I get curious when someone says something like that, so I sometimes look up the average EMC in that area. Driving through southern SD just above you in September several years ago, it seemed as hot and dry as you could imagine. So, I am amazed to see that that NYC, which is right on the Atlantic Ocean and surrounded by water, has an EMC 3 points lower than where you are at this time of year. Guess that's why all those wealthy Manhattanites just love their big cat stoves. :lol:

OS if you really think 10% MC is better than your 14-15%, bring it inside for a couple weeks in the winter. It'll get there. ;-)
 
Battenkiller said:
oldspark said:
I dont think I can get my wood to 10% here in Iowa.

I get curious when someone says something like that, so I sometimes look up the average EMC in that area. Driving through southern SD just above you in September several years ago, it seemed as hot and dry as you could imagine. So, I am amazed to see that that NYC, which is right on the Atlantic Ocean and surrounded by water, has an EMC 3 points lower than where you are at this time of year. Guess that's why all those wealthy Manhattanites just love their big cat stoves. :lol:

OS if you really think 10% MC is better than your 14-15%, bring it inside for a couple weeks in the winter. It'll get there. ;-)
I dont think 10% is better than 14% cause I dont know but now that you mention it I might have some that dry that has been in the house a while.
 
My question is as follows.....When everybody says oak takes 2 or 3 years, is that for a good size split....The wood I had delivered a few months ago isn't terrible wide in diameter.
 
James02 said:
My question is as follows.....When everybody says oak takes 2 or 3 years, is that for a good size split....The wood I had delivered a few months ago isn't terrible wide in diameter.
Hard to answer that with out writing a report due to the many varibles but I would say a medium split, some (including me) can get oak dry in less than 2 years (18 months with two summers works great for me).

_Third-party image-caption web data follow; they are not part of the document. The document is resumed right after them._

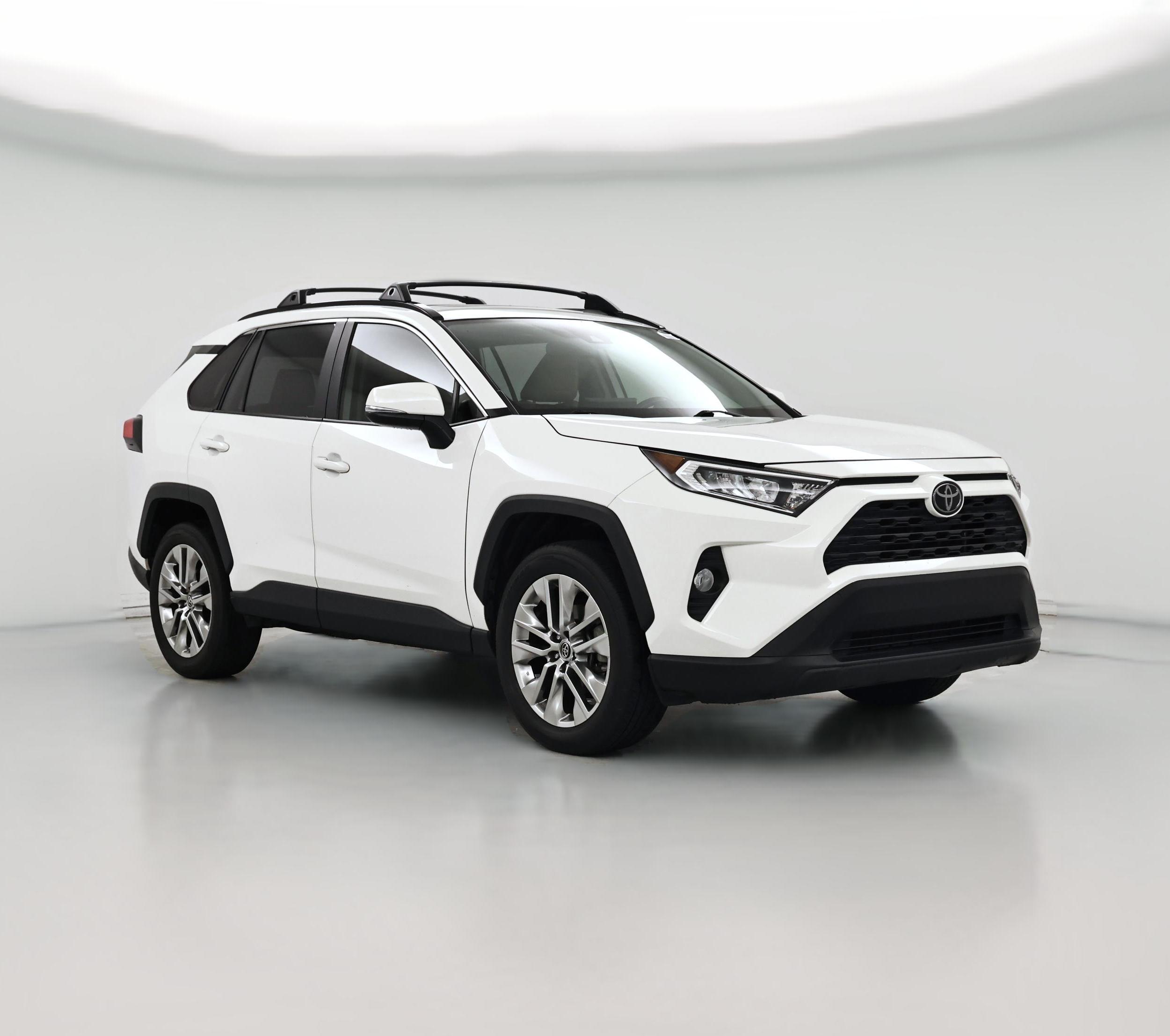 Thumbnail: 2019 Toyota RAV4 - 1
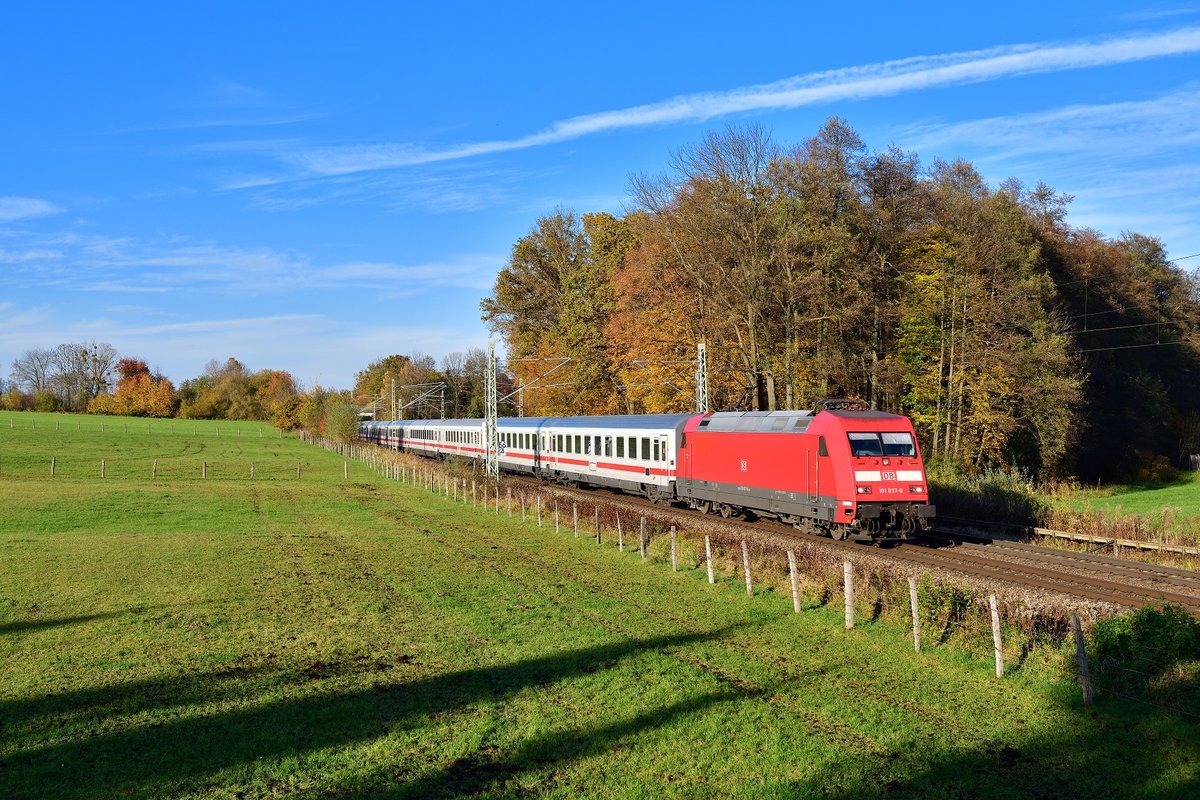 101 037 mit EC 115 am 31.10.2020 bei Vogl.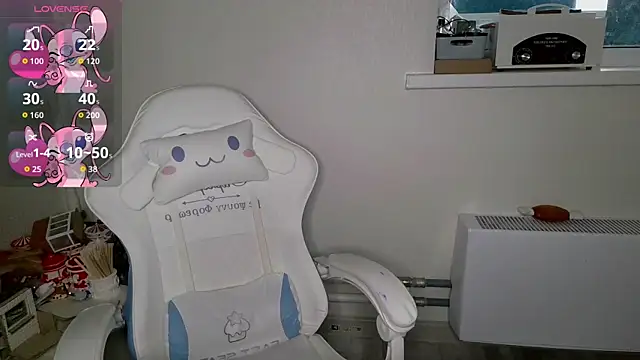 Snapshot of crashtest_13 chatting on September 16, 5:19 am crashtest 13 online show from September 16, 5:19 am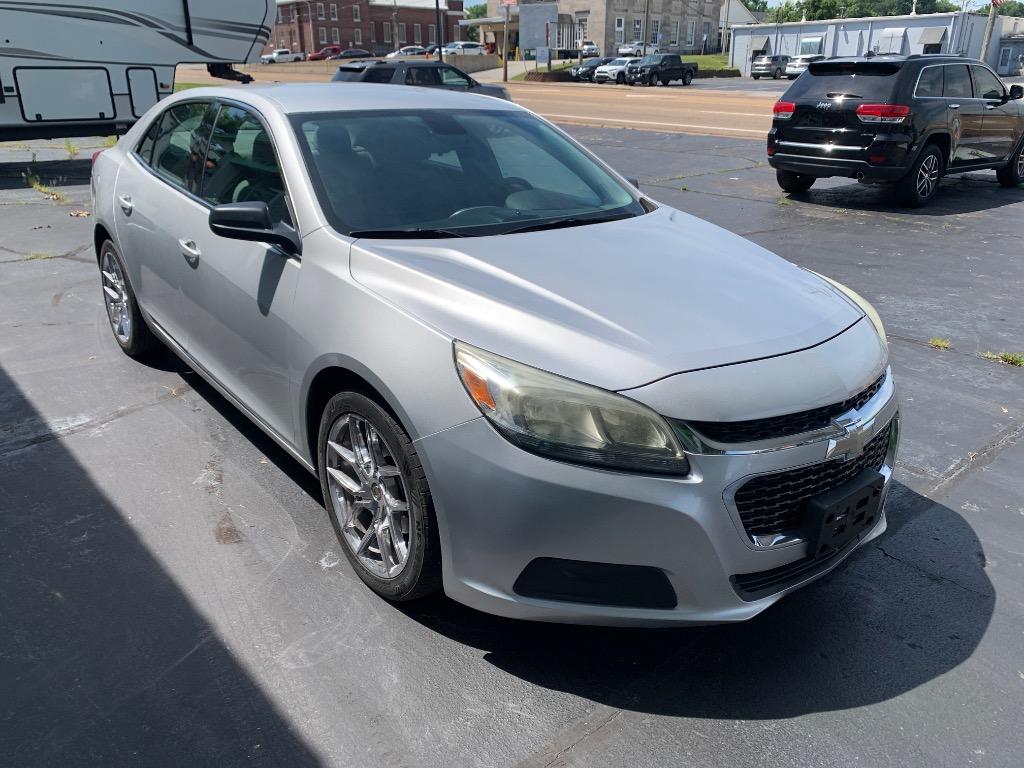 2014 Chevrolet Malibu - $9,250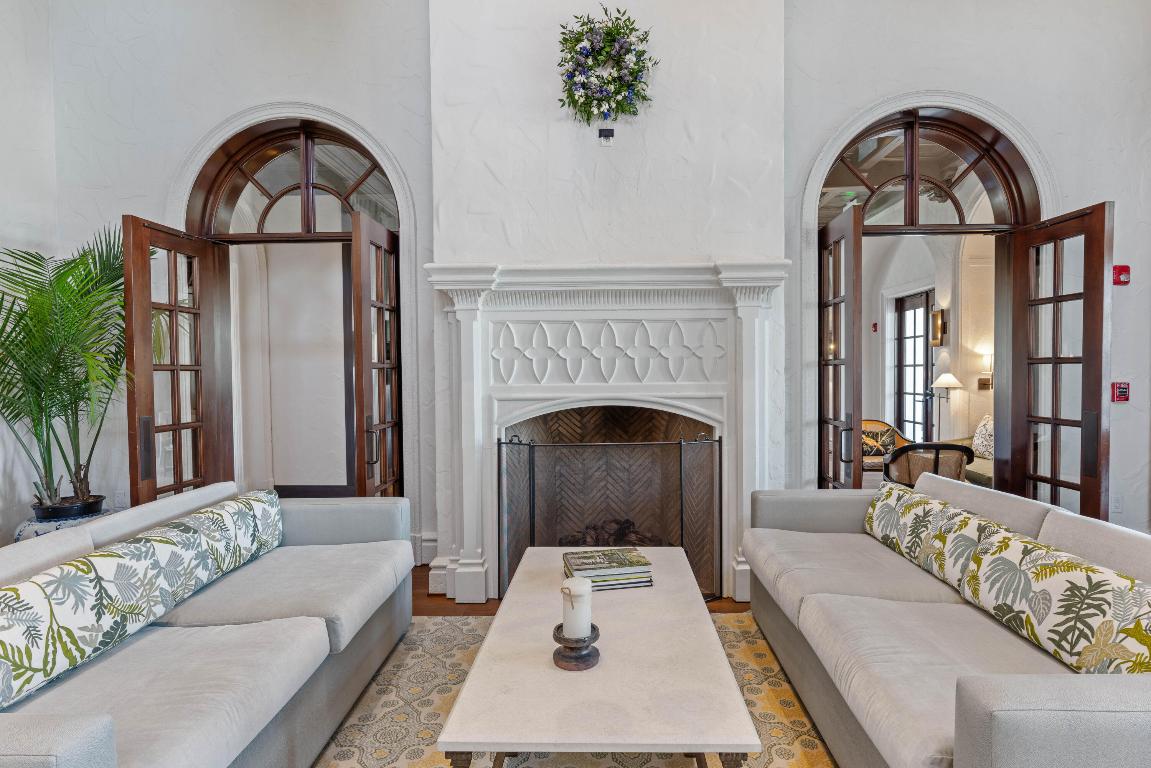 OLD PALM - Residential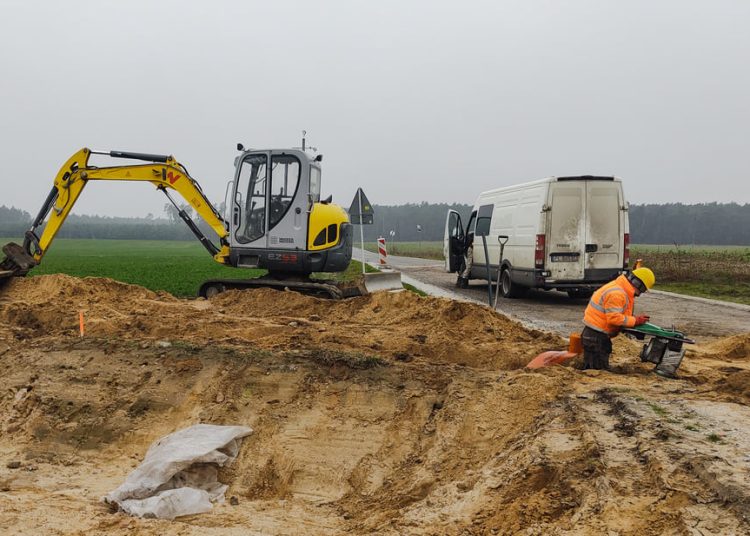 Budowa dróg obronnych. Zobacz, na jakim etapie są prace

So split it small if you want it quicker and make sure it is stacked in single rows where it can get wind and sun. Best to do your own fact finding and do all you can to get the best drying conditions possible.
 
James02 said:
My question is as follows.....When everybody says oak takes 2 or 3 years, is that for a good size split....The wood I had delivered a few months ago isn't terrible wide in diameter.

Depends on what you consider to be a good size split. ;-)

Smaller and thinner splits dry much faster, but bigger splits burn longer and more evenly. However, faced with the prospect of having to burn oak with short seasoning time, I would split it thin. Thin drier splits burn a heck of a lot better than thicker moister ones.

Two 2x4" splits will dry more than twice as fast as one 4x4" split. Not only have you nearly doubled the drying surface area of the sides, the water in the center of each smaller split only has to diffuse half as far to get to the outside. Even at the same cross-sectional area, the thinner split wins the race.

For example, with pieces of the same length, a 2x4" split has the same volume as a 2.8" square split or a debarked 3.2" round, but there is more exposed surface area in the 2x4 than in the 2.8x2.8", which in turn has more surface area than the round. Therefore, the 2x4 will dry fastest, the the square will be next, and the round will dry slowest.

At identical relative humidities and other drying conditions, wood drying becomes a diffusion limited process. The shorter the distance the water has to diffuse from the inside to the outside of the split, the faster it will dry.